Le néant. Les autres savaient-ils vraiment ce qu'était cet espace de vide intérieur, cet énorme trou qui ne cessait d'avaler le reste? Non. Le néant était un monde de douleur, où toutes les émotions négatives du fort intérieur se combinaient pour anéantir toute trace de bonheur chez l'être qui le subit. Cette douleur énorme et irrépressible qui lui arracherait cris et faiblesses s'il n'était pas si accoutumé à souffrir mentalement. Les ténèbres étaient un refuge pour le jeune homme et la mort ne cessait de l'appeler en sachant très bien qu'il ne peut pas mourir. Elle l'appelle, comme ça, pour le torturer, lui faire comprendre que, parmi les mortels, il ne serait jamais heureux et qu'il n'était pas nécessaire d'espérer quelque chose de mieux que la noirceur abyssale de la vie.
Puis, une toute petite musique, claire, cristalline et chaude, parvint aux oreilles du jeune homme. Cette chanson, il la connaissait mieux que quiconque et cette technique, c'était bien la Sienne. Personne sauf Elle ne savait jouer ainsi, mais Elle n'était plus. Elle est morte, dans ses bras, à l'âge de 72 ans. Elle a succombé à la maladie, elle ne pouvait pas être là. Pourtant, c'était bien sa chanson, son talent qu'il entendait. N'écoutant guère plus que son amour naïf, il chercha l'origine de cette mélodie. Les foules étaient denses et ne se laissaient pas facilement écarter, mais il bousculait sans vergogne ceux qui osaient se mettre dans ses pattes. Il courait comme un forcené pour retrouver cette flûtiste si talentueuse, n'hésitant même pas à renverser les cargos devant lui ou à grimper sur les toits pour atteindre son objectif. Et lorsqu'il atteignit enfin le cent-huitième stand de vente d'esclaves, debout sur un toit, il la vit.

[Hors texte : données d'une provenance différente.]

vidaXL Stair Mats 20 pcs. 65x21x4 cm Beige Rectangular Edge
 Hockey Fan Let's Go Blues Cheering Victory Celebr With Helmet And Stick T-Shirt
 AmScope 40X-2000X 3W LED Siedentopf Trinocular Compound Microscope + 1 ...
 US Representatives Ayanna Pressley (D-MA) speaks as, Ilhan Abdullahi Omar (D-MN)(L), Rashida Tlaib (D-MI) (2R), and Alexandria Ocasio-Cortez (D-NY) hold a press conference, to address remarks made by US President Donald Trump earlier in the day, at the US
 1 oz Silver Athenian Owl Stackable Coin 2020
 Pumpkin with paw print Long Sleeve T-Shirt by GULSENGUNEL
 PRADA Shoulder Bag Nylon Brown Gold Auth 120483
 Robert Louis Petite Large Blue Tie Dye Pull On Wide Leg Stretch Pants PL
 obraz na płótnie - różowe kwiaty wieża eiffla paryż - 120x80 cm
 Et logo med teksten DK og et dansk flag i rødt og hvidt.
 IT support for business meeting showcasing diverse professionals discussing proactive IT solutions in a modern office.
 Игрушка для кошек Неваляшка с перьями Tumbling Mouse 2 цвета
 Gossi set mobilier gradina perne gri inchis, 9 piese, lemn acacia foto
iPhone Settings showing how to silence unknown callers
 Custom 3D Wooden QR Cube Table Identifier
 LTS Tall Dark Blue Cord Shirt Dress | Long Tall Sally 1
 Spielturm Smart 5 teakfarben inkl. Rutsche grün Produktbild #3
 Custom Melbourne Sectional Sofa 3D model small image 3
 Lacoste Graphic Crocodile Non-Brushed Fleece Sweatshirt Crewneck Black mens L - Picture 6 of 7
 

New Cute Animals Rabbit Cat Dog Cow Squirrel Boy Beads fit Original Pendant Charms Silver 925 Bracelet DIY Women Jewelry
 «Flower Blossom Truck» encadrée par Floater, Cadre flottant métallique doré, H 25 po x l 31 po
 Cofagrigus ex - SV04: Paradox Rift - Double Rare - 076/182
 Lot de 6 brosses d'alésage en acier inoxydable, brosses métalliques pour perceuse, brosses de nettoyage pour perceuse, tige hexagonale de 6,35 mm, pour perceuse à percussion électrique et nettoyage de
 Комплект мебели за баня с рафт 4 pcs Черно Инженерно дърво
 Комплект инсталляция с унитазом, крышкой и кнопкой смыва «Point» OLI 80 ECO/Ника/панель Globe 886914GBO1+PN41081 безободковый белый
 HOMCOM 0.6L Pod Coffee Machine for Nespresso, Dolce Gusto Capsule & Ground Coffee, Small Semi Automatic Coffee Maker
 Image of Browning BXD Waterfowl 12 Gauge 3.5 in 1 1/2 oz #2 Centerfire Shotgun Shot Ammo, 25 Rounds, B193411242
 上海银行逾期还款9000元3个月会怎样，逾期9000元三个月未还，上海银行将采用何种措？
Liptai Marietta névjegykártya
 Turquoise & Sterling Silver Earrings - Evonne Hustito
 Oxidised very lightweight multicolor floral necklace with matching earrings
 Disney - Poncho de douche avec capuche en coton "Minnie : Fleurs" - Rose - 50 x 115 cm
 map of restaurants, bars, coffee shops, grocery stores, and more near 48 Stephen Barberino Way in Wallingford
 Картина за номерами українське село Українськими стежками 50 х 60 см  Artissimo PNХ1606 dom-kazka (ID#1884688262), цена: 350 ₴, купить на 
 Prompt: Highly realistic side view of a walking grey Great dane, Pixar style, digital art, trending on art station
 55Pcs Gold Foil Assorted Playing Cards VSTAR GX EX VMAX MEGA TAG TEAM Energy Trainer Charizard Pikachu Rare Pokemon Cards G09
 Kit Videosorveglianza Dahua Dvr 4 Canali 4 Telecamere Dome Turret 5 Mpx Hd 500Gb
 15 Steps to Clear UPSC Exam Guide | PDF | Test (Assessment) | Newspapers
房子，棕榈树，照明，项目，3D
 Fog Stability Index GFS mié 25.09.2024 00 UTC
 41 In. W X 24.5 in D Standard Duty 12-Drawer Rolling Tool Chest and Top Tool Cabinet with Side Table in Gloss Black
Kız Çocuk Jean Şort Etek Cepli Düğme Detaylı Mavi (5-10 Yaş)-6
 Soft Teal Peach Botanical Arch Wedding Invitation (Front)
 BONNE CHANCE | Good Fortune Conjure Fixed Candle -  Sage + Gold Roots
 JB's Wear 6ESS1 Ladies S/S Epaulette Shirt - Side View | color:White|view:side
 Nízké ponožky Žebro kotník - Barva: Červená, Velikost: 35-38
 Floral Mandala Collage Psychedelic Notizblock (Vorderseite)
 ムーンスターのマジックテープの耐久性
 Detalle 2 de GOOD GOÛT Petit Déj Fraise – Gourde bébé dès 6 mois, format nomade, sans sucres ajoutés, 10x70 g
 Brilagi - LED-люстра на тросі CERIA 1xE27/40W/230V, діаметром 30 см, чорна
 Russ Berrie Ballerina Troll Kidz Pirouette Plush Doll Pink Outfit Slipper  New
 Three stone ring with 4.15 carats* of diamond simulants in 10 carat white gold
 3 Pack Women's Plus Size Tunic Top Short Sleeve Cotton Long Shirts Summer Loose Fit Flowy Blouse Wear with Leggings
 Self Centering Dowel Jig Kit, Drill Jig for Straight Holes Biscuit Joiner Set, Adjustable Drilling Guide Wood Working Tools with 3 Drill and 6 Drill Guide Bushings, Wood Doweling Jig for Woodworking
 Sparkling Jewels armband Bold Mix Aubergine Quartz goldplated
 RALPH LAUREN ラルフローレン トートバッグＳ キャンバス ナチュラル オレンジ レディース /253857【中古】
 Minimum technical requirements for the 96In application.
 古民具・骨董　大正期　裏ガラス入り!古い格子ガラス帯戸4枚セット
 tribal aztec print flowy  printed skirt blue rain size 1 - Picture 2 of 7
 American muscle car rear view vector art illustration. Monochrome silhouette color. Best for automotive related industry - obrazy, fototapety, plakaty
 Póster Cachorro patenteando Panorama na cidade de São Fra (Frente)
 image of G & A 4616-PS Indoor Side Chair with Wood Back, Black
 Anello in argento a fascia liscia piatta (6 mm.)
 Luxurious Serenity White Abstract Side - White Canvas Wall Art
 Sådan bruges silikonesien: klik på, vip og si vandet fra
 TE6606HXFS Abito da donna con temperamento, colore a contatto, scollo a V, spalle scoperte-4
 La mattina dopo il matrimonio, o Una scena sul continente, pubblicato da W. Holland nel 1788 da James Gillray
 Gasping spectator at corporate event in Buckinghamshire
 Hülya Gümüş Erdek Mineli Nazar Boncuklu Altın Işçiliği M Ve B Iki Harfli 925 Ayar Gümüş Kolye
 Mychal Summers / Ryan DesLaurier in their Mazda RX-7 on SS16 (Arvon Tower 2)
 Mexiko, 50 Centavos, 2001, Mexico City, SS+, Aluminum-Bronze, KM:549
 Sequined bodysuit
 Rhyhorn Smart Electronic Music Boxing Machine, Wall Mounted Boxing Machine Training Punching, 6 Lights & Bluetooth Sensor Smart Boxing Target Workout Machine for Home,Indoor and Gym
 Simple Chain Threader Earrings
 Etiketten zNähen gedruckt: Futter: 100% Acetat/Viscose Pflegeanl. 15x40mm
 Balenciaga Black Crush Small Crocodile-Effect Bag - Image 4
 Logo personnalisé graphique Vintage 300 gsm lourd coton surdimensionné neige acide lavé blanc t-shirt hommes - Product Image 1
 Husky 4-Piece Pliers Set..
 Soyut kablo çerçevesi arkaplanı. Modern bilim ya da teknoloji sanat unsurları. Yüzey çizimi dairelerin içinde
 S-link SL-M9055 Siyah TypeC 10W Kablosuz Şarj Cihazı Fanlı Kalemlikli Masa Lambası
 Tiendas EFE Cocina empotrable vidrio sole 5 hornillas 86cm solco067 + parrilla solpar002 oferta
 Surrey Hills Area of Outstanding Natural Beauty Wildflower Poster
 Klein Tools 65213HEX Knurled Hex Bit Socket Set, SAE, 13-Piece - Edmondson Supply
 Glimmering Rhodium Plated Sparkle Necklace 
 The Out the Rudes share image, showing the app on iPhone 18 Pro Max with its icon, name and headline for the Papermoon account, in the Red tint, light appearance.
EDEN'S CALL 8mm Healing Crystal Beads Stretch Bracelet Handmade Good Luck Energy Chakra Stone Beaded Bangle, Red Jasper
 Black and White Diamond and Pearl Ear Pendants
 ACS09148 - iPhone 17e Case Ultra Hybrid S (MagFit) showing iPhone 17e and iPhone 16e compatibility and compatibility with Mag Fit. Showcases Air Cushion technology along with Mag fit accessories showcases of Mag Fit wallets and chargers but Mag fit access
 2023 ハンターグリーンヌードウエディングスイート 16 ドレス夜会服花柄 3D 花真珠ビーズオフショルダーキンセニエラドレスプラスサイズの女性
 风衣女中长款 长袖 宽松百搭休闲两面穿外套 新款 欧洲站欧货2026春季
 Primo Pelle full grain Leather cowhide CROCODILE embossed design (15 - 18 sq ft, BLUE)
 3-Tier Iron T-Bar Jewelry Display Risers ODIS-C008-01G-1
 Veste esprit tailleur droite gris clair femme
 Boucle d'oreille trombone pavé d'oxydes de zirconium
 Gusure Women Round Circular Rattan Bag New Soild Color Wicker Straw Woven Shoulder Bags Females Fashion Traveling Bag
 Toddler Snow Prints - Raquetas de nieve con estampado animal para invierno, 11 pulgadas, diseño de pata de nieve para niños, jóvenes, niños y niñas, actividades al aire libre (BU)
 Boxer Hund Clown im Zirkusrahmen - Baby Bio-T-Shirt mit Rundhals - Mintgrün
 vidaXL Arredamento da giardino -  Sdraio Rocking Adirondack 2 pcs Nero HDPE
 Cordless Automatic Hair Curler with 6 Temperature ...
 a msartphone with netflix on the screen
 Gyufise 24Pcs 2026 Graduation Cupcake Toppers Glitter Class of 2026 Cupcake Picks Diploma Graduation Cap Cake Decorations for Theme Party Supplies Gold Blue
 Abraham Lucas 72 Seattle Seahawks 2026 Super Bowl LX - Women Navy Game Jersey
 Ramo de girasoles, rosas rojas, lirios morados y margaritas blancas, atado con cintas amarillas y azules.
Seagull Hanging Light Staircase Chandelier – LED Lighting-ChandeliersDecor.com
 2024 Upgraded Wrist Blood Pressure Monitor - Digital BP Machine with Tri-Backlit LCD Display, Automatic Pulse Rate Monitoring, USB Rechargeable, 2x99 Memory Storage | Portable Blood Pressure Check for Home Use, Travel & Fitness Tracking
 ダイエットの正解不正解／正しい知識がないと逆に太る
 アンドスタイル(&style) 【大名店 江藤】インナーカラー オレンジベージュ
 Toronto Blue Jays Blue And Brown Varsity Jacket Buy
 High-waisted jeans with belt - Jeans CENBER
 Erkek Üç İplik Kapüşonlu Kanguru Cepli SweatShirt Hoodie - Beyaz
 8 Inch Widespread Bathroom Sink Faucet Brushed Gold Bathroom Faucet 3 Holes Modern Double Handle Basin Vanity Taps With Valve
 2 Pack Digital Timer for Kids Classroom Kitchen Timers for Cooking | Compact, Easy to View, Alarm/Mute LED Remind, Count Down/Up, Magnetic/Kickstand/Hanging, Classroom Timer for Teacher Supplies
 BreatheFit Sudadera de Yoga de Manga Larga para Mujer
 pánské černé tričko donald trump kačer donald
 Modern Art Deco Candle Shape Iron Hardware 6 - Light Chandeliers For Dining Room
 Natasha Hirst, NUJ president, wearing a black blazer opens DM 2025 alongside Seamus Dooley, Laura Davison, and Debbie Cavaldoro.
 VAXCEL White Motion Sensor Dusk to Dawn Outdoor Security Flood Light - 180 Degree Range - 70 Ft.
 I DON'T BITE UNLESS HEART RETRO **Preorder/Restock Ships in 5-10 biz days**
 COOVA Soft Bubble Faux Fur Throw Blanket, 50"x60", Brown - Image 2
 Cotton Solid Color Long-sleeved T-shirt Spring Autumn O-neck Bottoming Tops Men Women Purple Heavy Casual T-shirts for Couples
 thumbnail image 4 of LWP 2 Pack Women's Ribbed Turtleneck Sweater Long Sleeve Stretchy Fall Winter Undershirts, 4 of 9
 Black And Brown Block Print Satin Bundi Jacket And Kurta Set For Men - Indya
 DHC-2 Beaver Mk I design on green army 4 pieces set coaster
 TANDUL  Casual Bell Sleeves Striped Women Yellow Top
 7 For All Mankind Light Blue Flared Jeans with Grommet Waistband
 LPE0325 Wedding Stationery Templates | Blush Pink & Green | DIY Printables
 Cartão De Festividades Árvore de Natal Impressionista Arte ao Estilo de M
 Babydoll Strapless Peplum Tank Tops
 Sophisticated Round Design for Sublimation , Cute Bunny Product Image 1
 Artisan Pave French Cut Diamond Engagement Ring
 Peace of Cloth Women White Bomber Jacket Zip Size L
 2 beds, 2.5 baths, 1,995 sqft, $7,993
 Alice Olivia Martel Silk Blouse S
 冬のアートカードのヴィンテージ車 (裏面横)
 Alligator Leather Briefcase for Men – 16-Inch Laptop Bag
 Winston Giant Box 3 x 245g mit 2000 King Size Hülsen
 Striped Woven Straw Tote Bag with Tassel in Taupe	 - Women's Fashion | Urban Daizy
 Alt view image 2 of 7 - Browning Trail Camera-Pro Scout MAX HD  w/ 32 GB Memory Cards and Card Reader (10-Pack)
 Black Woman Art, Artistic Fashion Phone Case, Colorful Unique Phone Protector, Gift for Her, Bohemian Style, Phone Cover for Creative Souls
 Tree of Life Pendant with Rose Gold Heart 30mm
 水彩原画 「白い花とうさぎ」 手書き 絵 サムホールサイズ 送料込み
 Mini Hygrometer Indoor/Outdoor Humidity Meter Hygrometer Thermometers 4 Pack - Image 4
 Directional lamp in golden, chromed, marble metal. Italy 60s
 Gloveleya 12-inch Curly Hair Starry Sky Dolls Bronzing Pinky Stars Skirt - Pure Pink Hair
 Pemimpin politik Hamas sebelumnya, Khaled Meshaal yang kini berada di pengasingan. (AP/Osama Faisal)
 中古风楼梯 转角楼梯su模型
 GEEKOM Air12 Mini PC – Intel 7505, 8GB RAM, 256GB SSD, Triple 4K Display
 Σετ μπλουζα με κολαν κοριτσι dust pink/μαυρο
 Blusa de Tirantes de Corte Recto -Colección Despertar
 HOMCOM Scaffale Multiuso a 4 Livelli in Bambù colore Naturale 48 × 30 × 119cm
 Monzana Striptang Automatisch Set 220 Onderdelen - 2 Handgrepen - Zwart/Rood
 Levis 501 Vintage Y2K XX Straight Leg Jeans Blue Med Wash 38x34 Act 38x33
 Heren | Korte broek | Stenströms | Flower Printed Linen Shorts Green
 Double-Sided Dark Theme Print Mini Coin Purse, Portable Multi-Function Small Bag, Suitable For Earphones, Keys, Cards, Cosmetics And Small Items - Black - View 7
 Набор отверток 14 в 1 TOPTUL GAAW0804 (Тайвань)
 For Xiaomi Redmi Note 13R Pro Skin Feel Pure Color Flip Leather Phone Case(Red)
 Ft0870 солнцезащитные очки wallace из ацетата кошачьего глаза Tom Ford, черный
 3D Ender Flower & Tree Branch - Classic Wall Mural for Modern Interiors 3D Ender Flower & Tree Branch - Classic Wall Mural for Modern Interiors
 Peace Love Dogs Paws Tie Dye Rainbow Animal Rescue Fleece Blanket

Ce n'était pas Fiela mais... elle lui ressemblait beaucoup. L'amère déception qui aurait du être la sienne ne vint pas lui emplir la bouche de fiel. Son regard s'adoucit, c'était comme avoir Fiela à nouveau devant lui. Il sauta du toit, atterrissant dans les rues. Les hommes et femmes qui s'y trouvaient l'appelaient "L'étranger" puisque personne ne grimpait sur les toits, mais leurs paroles se noyaient dans le vide de son esprit, mes yeux ne voyaient que cette femme. L'homme qui l'accompagnait demandait 64 000 pièces d'or. Plutôt que cela, Kamui sortit de sa poche une large somme contenue dans plusieurs sacs, infiniment supérieure à ce qu'il demandait, et il les posa au pieds du marchand, sans détacher son regard de la belle demoiselle. Les autres hommes, énervés, se mirent à persifler en voyant une telle montagne d'or, mais le regard qu'il avai, qui rappelait un célèbre tableau représentant un homme en admiration devant un ange des plus magnifique, les mettaient tant mal à l'aise qu'ils n'osaient pas faire un pas dans ma direction. Sans même demander la permission, il prit dans ma main le menton de la belle demoiselle et planta son regard dans le sien. Elle avait de beaux yeux, aussi tendre que les siens.
- "Je l'achètes." Dit-il avec une voix douce et calme, revenant lentement vers la réalité plutôt que les ténèbres déjà présentes.